Experten widersprechen Autoindustrie: Abgasreinigung müsste gar nicht abgeschaltet werden
Fachleute halten laut Handelsblatt (17.09.2016) die Abschaltung der Abgasreinigung aus Gründen des Motorschutzes für überflüssig: Denn man könne schon heute Motoren so her- und einstellen, dass sie ohne Schutzfunktion laufen könnten – und die Emissionsgrenzwerte erfüllten. Das haben NDR, WDR und SZ allerdings schon am 26.08.2016 aus Gutachten veröffentlicht – siehe tagesschau.de/gutachten-untersuchungsausschuss-zur-abgasaffaere. Die Deutsche Welle sieht die Bundesregierung gar „unter Druck“.
Gutachter belasten die Bundesregierung: Sie werfen ihr in der Abgasaffäre Untätigkeit vor. Zuständige Stellen hätten die Probleme verschleppt und seien mit der Industrie verflochten. Das ergab die Auswertung von fünf im Auftrag des Untersuchungsausschusses erstellten Gutachten durch Reporter von NDR, WDR und Süddeutscher Zeitung.
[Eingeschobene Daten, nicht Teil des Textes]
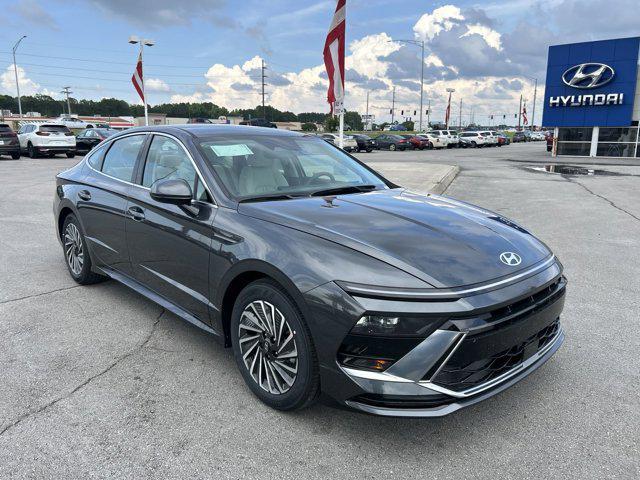 new 2024 Hyundai Sonata Hybrid car, priced at $30,548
Es sei „für alle Behörden“ seit Jahren ersichtlich gewesen, dass der Schadstoffausstoß auf der Straße von den offiziellen Werten bei Zulassung der Autos deutlich abweiche (daher seien die Abgase seien so manipuliert worden, dass sie bei den Tests die vorgeschriebenen Grenzwerte so eben noch eingehalten hätten), zitierten die drei Medien aus der Stellungnahme des Wissenschaftlers Denis Pöhler vom Institut für Umweltphysik der Universität Heidelberg für den Bundestag. Dennoch habe das Kraftfahrtbundesamt „keinerlei Initiative ergriffen, diese Problematik anzugehen“, schreibt Pöhler . „Der Politik und den Behörden ist Versagen vorzuwerfen, die Richtlinien der Emissionsprüfungen nicht angepasst zu haben, obwohl dies von Experten seit Jahren mehrfach deutlich gefordert wurde“, heißt es weiter in dem Gutachten. Pöhler wähnt folgerichtig „zu enge Verflechtungen von KBA und Autoindustrie“.
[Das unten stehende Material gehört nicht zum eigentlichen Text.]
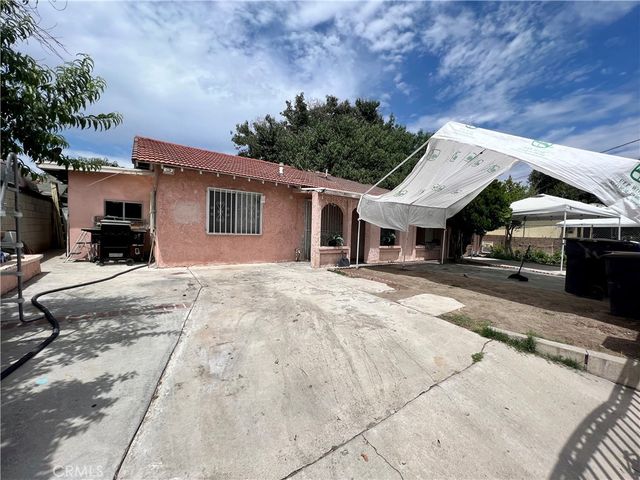 1206 W West 7th, San Bernardino, CA 92411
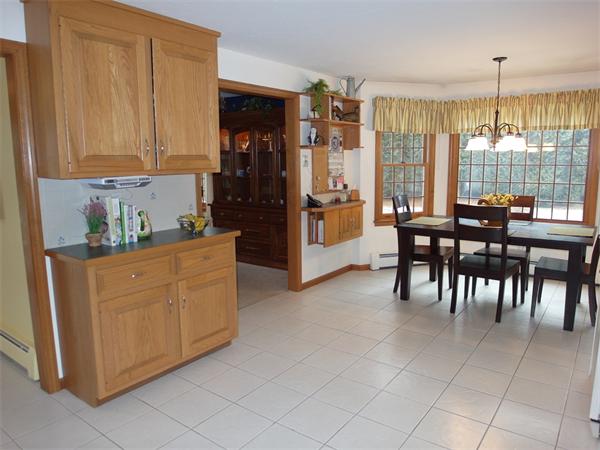 7 Newcastle Road Ashland, MA 01721 - Photo 10 of 27 Gallery Image 10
Im Verlauf des VW-Skandals war immer wieder zu hören, die Abgasreinigung bei Diesel-Motoren müsse aus Gründen des Motorschutzes bei bestimmten Temperaturen abgeschaltet werden – das war in den Fokus der Kritik geraten – dabei sind Abschaltungen aus Expertensicht überflüssig. „Nach aktuellem Kenntnisstand ist es heute möglich, Motoren so zu konstruieren, dass sie betriebssicher ohne Motorschutzfunktion eingesetzt werden können und die aktuell geltende Emissionsgesetzgebung für Europa erfüllen“, schreibt Sachverständiger Roland Baar von der Technischen Uni Berlin in einer Stellungnahme für den Untersuchungsausschuss des Bundestags. Verkehrsminister Dobrindt hatte sich im Verlaufe der Dieselaffäre mit der Berufung der Autohersteller auf EU-Ausnahmen begnügt, die Abschaltvorrichtungen seien zum Schutz der Motoren unabdingbar und daher zulässig.
Auch ADAC-Experte Reinhard Kolke erkannte in seinem Gutachten Untätigkeit der zuständigen Behörden. Demnach hat der ADAC die Bundesregierung bereits im Sommer 2010 davor gewarnt, dass womöglich „die Abgasanlagen so ausgelegt sind, dass die Fahrzeuge zwar in den Prüfzyklen die Grenzwerte einhalten, im täglichen Betrieb im realen Stadtverkehr aber keine Verbesserung erreichen“.